[[ INFORMATION SUPPLIED, beginning ]]
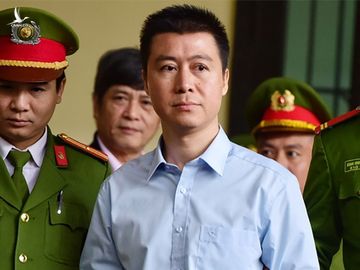 Phan Sào Nam trong phiên tòa ở Phú Thọ, tháng 11/2018. Ảnh: Giang Huy.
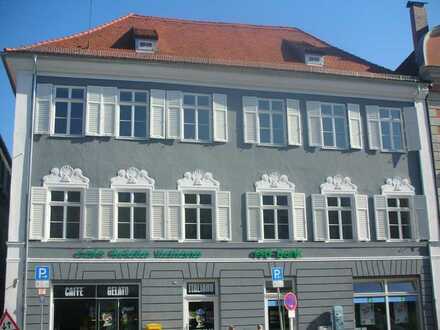 2-Zi-Wohnung, modernisiert mit Einbauküche im Stadtzentrum von Landshut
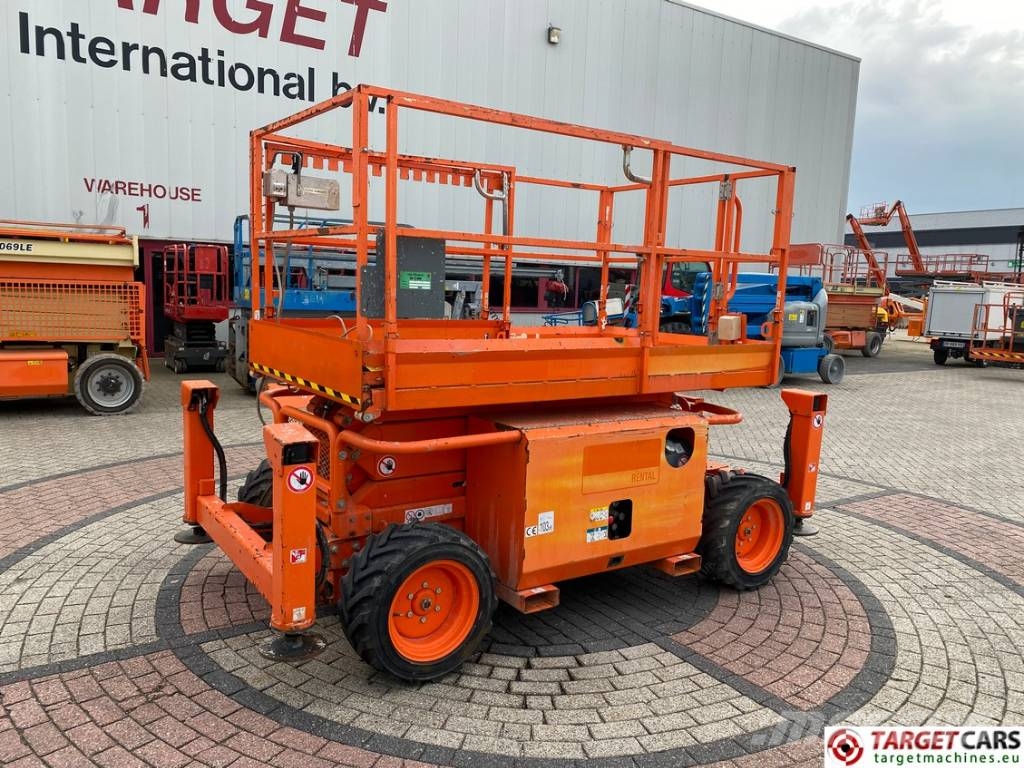 SkyJack SJ6826RT Diesel 4x4 Scissor Work Lift 992cm シザースリフト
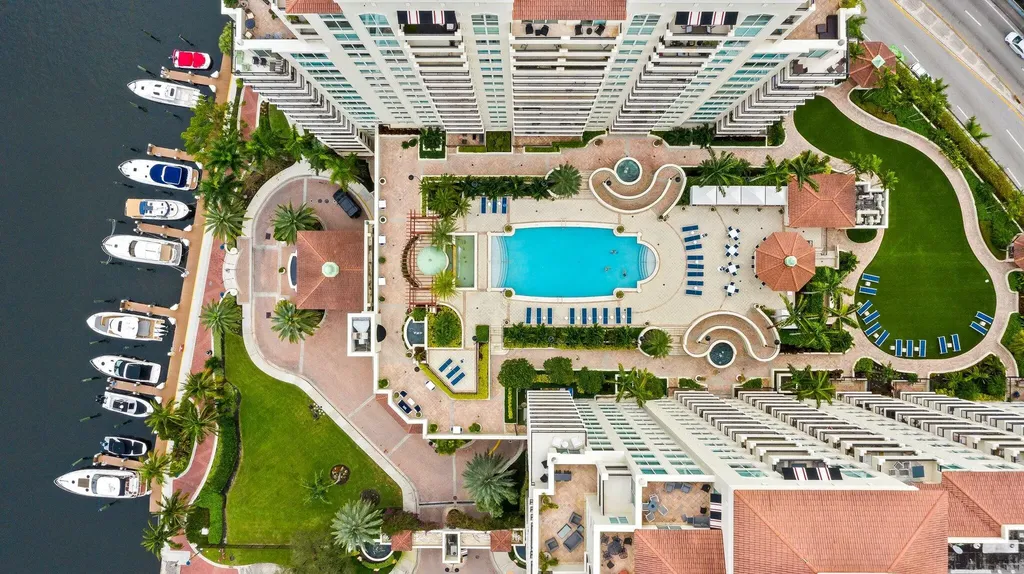 600 W Las Olas Boulevard Fort Lauderdale FL 33312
[[ INFORMATION SUPPLIED, end ]]
▶ EXERCISE PROMPT
Write the material out again exactly. Do not include the pictures.

▶ EXERCISE RESPONSE
 Phan Sào Nam trong phiên tòa ở Phú Thọ, tháng 11/2018. Ảnh: Giang Huy.
 2-Zi-Wohnung, modernisiert mit Einbauküche im Stadtzentrum von Landshut
 SkyJack SJ6826RT Diesel 4x4 Scissor Work Lift 992cm シザースリフト
 600 W Las Olas Boulevard Fort Lauderdale FL 33312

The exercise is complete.